Write out the data that follows exactly, keeping every picture out.

_GIVEN DATA_
- - - - -
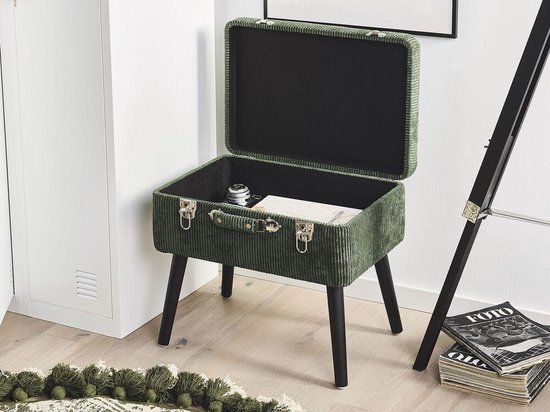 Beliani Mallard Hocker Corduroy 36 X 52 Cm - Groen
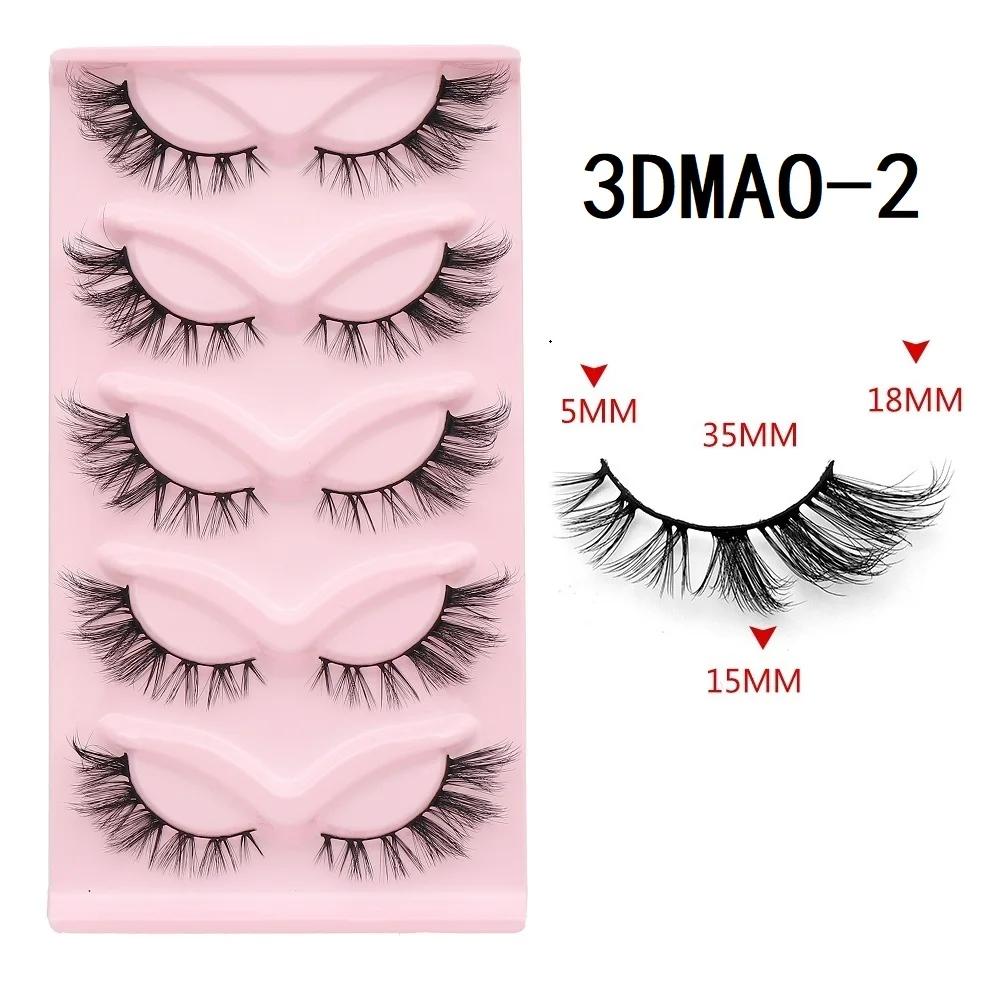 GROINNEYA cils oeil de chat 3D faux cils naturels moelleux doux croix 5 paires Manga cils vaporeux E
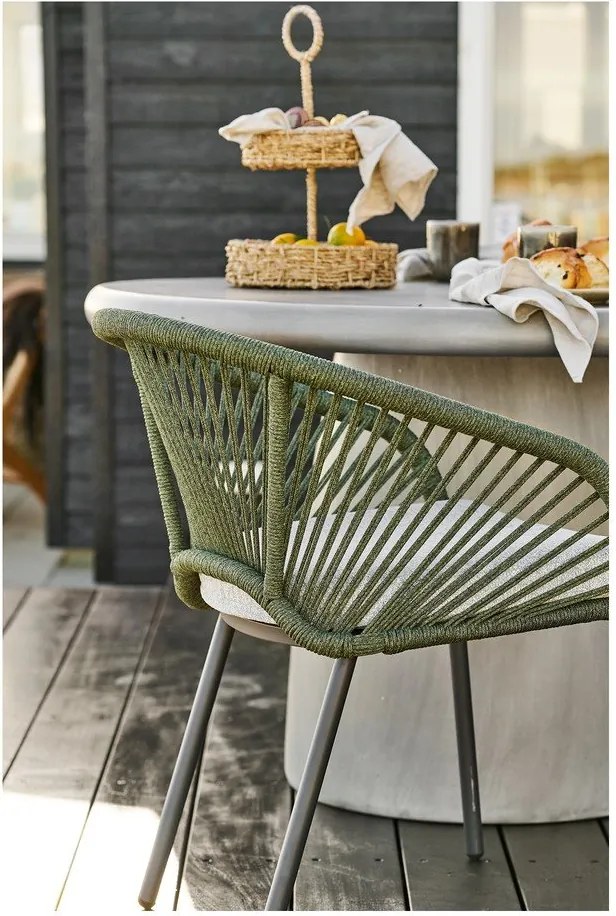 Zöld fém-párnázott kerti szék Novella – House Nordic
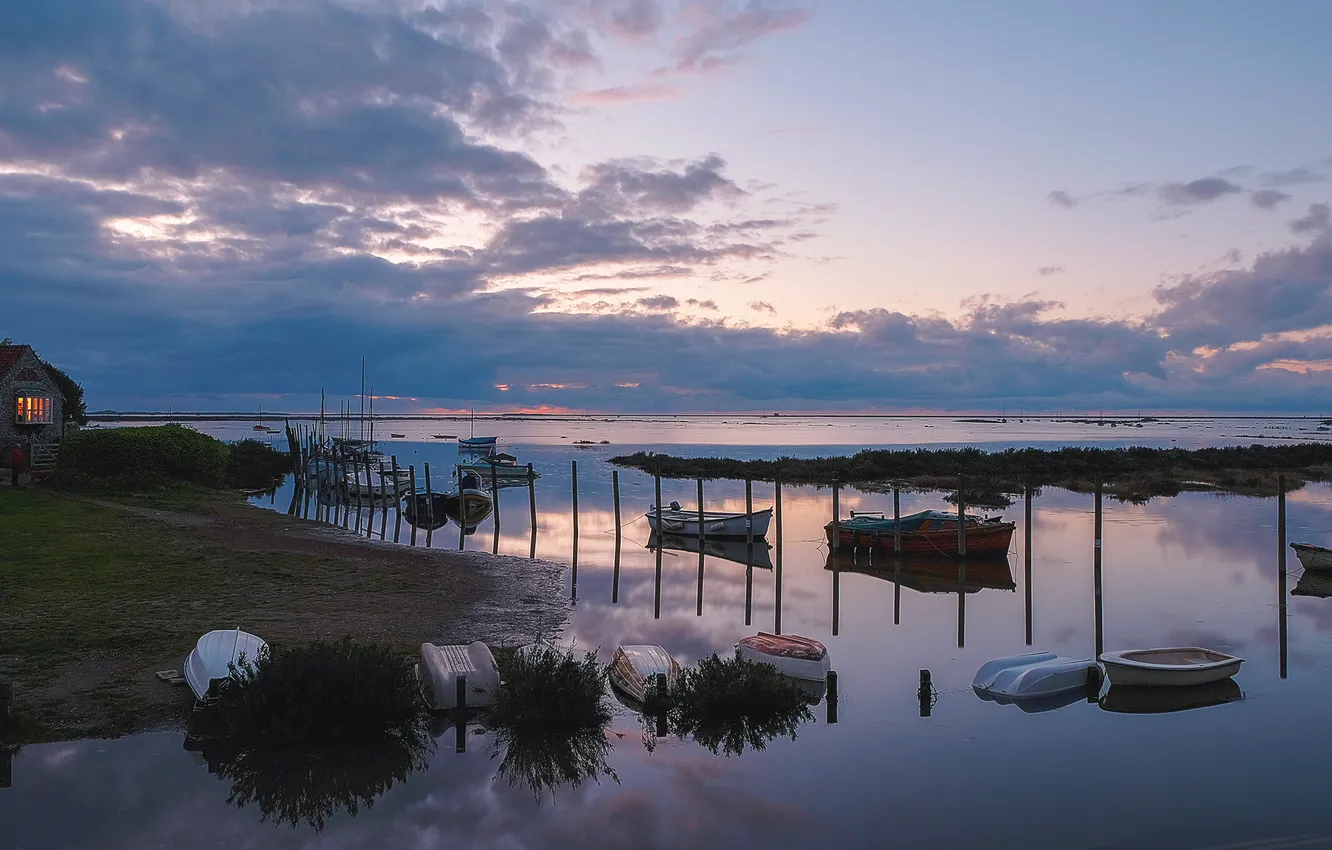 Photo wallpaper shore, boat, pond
- - - - -
_TASK SOLUTION_
 Beliani Mallard Hocker Corduroy 36 X 52 Cm - Groen
 GROINNEYA cils oeil de chat 3D faux cils naturels moelleux doux croix 5 paires Manga cils vaporeux E
 Zöld fém-párnázott kerti szék Novella – House Nordic
 Photo wallpaper shore, boat, pond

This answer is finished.